Eine Bier handwerklich, was ist das?
Die Definition ist vage und schwer zu fassen und sorgt innerhalb der Community nach wie vor für Diskussionen. Im Allgemeinen gilt ein Bier als Craft-Bier, wenn es aus einer unabhängigen Brauerei stammt, d. h. aus einer Brauerei, die unabhängig von großen multinationalen Braukonzernen wie Heineken oder AB Inbev arbeitet. Diesem rein wirtschaftlichen Begriff steht manchmal der Aspekt der Größe gegenüber (ab wie vielen gebrauten Litern oder Mitarbeitern wird eine Brauerei zu groß, um als «Craft»-Brauerei zu gelten?), mit seiner ganzen Galaxie griechischer Begriffe wie Mikrobrauerei, Nanobrauerei, Pikobrauerei und so weiter.

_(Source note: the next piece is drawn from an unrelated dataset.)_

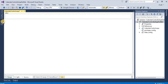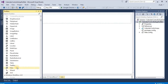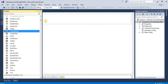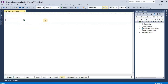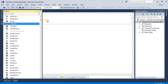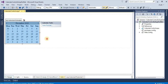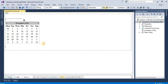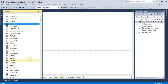For the calendar control program we need one text box, one image button, a calendar control, and one label.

Lesen Sie auch | Craft Beer - ein Phänomen der Mode, aber auch des Geschmacks
Vielleicht kommt es gar nicht so sehr auf die Definition an, sondern vielmehr auf die Absicht hinter der Herstellung und die Beziehung zwischen dem Brauer und seinem Bier. Wenn das Bier, das Sie trinken, als künstlerisches Werk und nicht als rein gewinnorientiertes Konsumprodukt verstanden wurde, ist die Wahrscheinlichkeit gross, dass Sie ein Craft-Bier trinken. In dieser wöchentlichen Kolumne versuchen wir vor allem, Ihnen einen Einblick in das breite Spektrum der Bierwelt zu geben – in erster Linie anhand von Schweizer Brauereien, aber auch durch eine allgemeinere Betrachtung dieses Themas.

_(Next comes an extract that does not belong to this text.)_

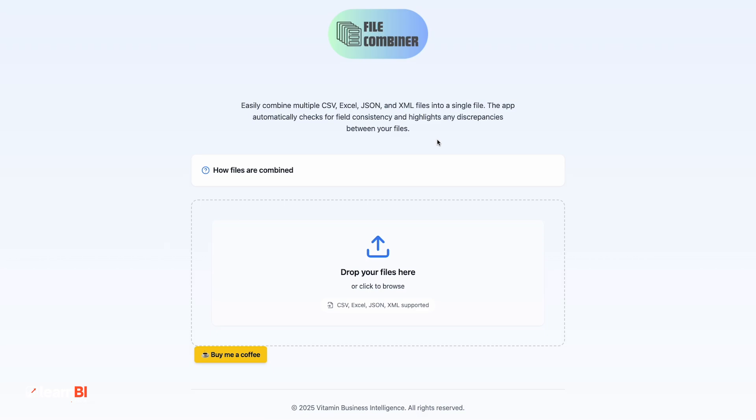While it works best with multiple CSV files, it also supports Excel, JSON, and XML formats. And you can even combine different types, say CSV and JSON, as long as they have the same structure to them.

Seien Sie offen und kritisch, wenn Sie den Begriff «Craft-Bier» sehen, informieren Sie sich über die Brauerei, die es herstellt, sowie über den verwendeten Hopfen und das Malz, sprechen Sie mit der Person, die es Ihnen serviert hat (und wenn Sie das Glück haben, auch mit der Person, die es gebraut hat!) und vergleichen Sie Ihren Geschmack mit dem des Brauers. Sprechen Sie Teilen Sie Ihre Entdeckungen mit Ihren Lieben und machen Sie ihnen bewusst, dass Bier heutzutage nicht mehr nur ein Pils kein seelenloses Industriebier, sondern eine ganze Palette an Geschmacksrichtungen mit den klangvollen Namen New England India Pale Ale, Imperial Stout, Gose, Barley Wine, Witbier, Gueuze oder auch Porter.

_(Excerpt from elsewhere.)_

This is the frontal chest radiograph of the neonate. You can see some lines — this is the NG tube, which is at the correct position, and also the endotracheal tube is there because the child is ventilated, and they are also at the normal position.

Ein großes Dankeschön an Camille Spühler von „La Nébuleuse“ für ihre Erläuterungen zu einigen technischen Aspekten.
Schreiben Sie dem Autor: arthur.schneiter@leregardlibre.com
1 Kommentar
Eine sehr gute Definition, die die Craft-Szene gut hervorhebt – da kann ich nur zustimmen!